## Task objective
Omit the pictures and output exactly the lines from the start of the entries through the line containing "SEC Chairman Gary".

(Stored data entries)

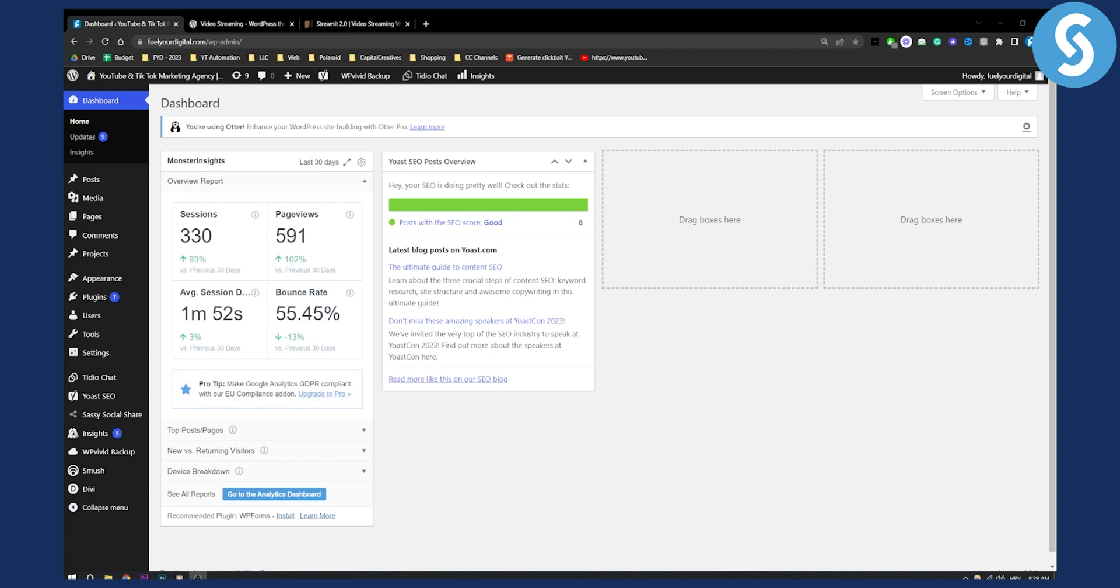Now there are some limitations when it comes to free themes. I have one free theme and I will also show you one premium theme within this video.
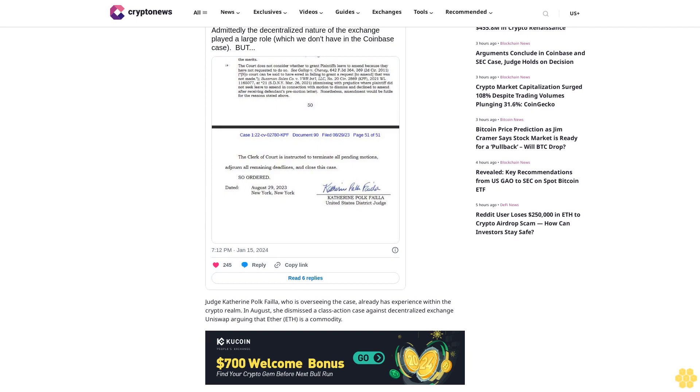SEC Chairman Gary Gensler explained last week that his agency's approval of such funds was largely a response to its unfavorable ruling in another crypto-related case with Grayscale last year. At the time, the court determined that the SEC hadn't provided consistent reasoning.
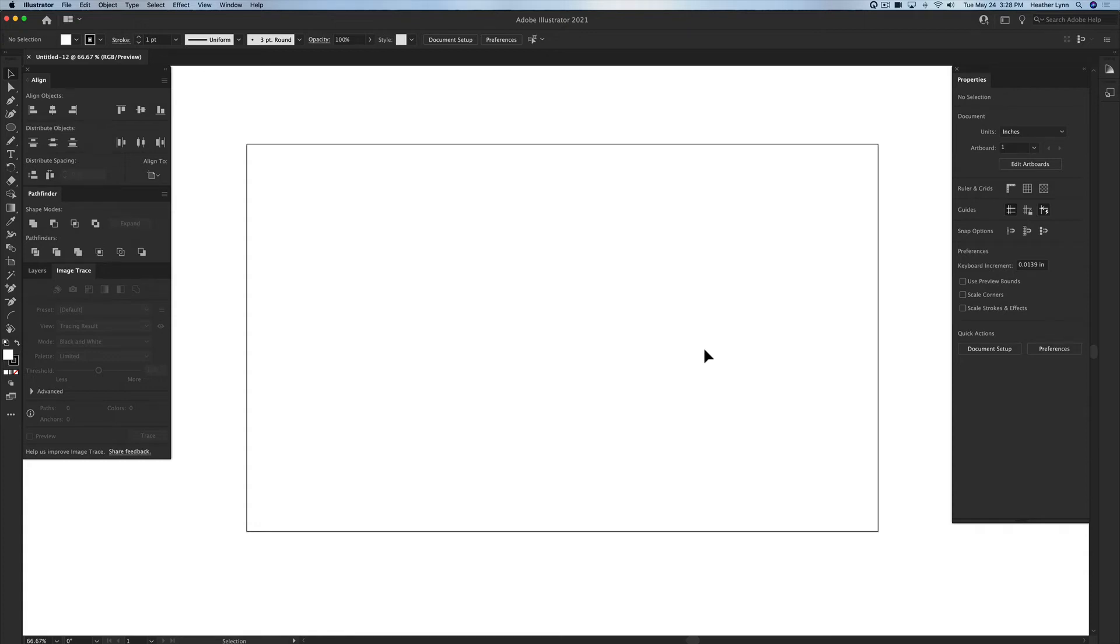Hello and welcome back to the Lobo Designs channel. My name is Heather Lynn. I'm the owner of Lobo Designs and I'm here today with a quick tutorial on how to create a dashed line or a dashed shape that is laser friendly and will be recognized by your laser software. So let's get started.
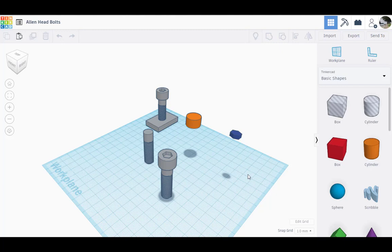Hello! Are you doing your 3D project and need an Allen head bolt like this? Let's learn how to do it using Tinkercad.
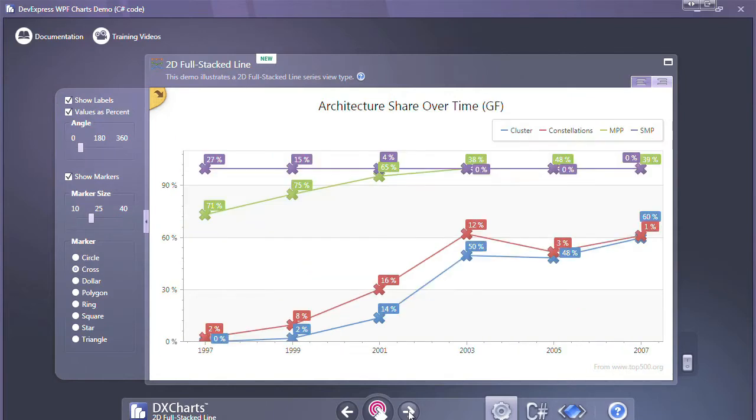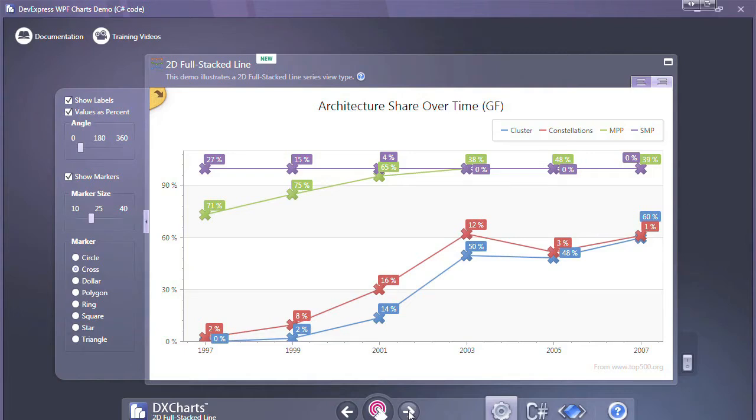The next chart is the full stacked line. While similar to the stacked line chart, the primary difference is instead of comparing to the numeric total like the stacked line, the full stacked line displays the values as a percentage of the whole.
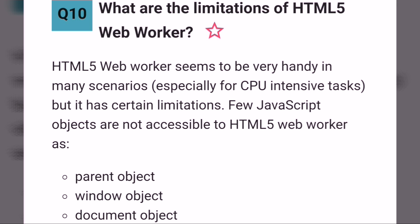What are the limitations of HTML5 web workers? HTML5 web workers are very handy for CPU intensive tasks, but they have certain limitations. A few JavaScript objects are not accessible to HTML5 web workers, such as the parent object, window object, and document object.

## Result of this task
Now there are some limitations when it comes to free themes. I have one free theme and I will also show you one premium theme within this video.
SEC Chairman Gary Gensler explained last week that his agency's approval of such funds was largely a response to its unfavorable ruling in another crypto-related case with Grayscale last year. At the time, the court determined that the SEC hadn't provided consistent reasoning.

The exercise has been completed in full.